● **Prompt**: In the copy, every line of the material that follows must appear exactly, and no pictures should.

● **Data segment**:
* * * *

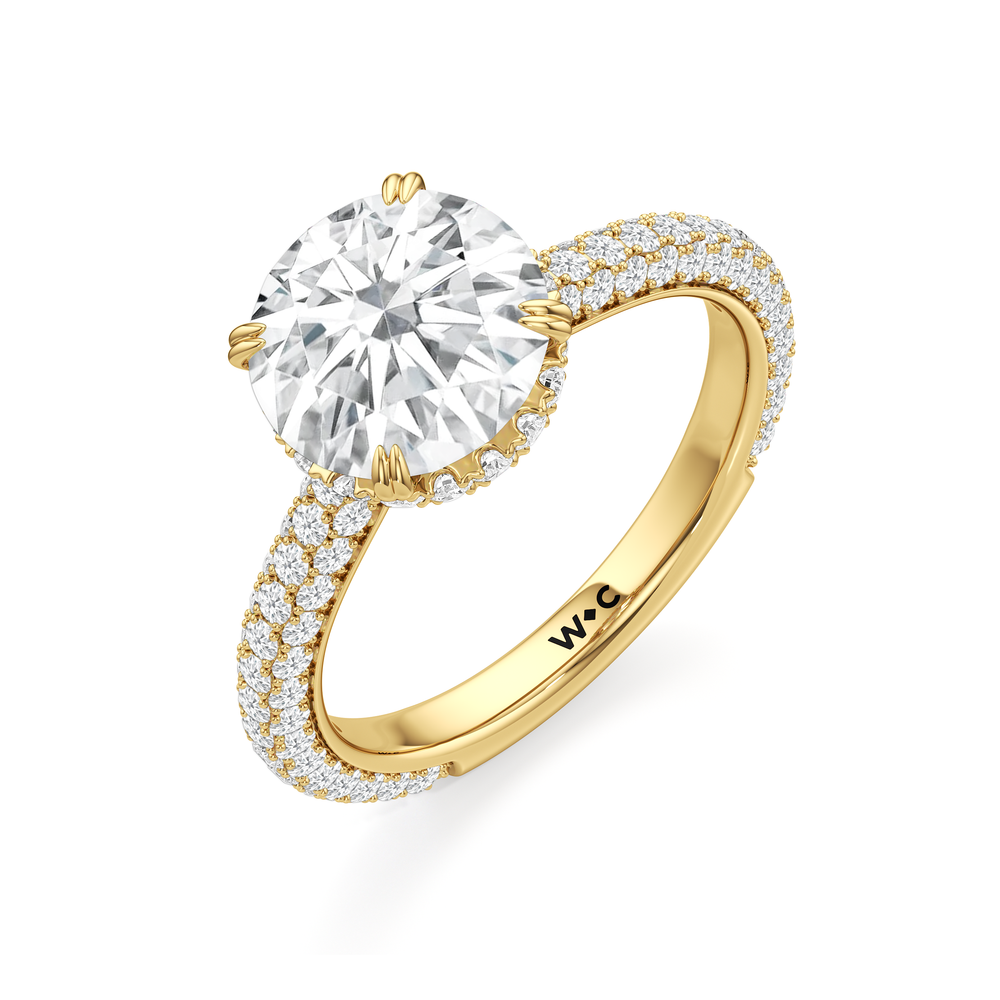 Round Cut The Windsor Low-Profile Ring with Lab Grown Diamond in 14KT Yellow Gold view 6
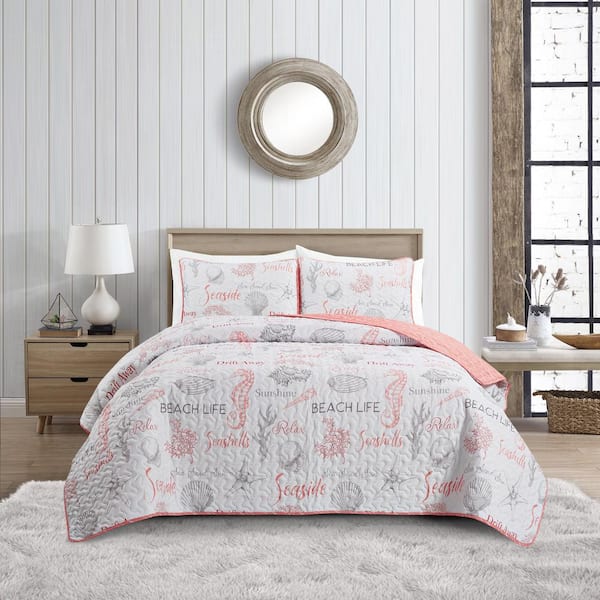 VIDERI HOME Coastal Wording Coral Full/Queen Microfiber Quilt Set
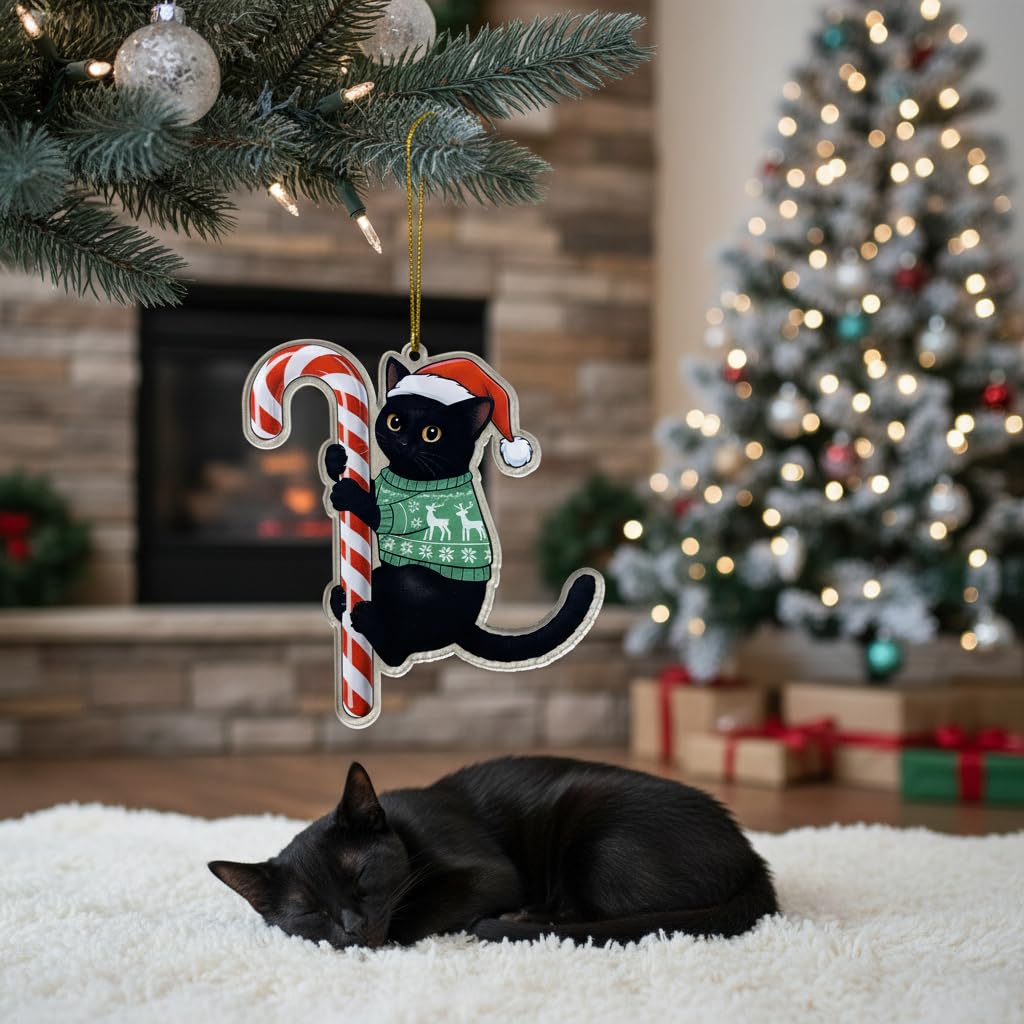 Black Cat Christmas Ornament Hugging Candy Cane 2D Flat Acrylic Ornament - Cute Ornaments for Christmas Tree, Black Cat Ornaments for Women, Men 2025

* * * *

● **Task output**:
 Round Cut The Windsor Low-Profile Ring with Lab Grown Diamond in 14KT Yellow Gold view 6
 VIDERI HOME Coastal Wording Coral Full/Queen Microfiber Quilt Set
 Black Cat Christmas Ornament Hugging Candy Cane 2D Flat Acrylic Ornament - Cute Ornaments for Christmas Tree, Black Cat Ornaments for Women, Men 2025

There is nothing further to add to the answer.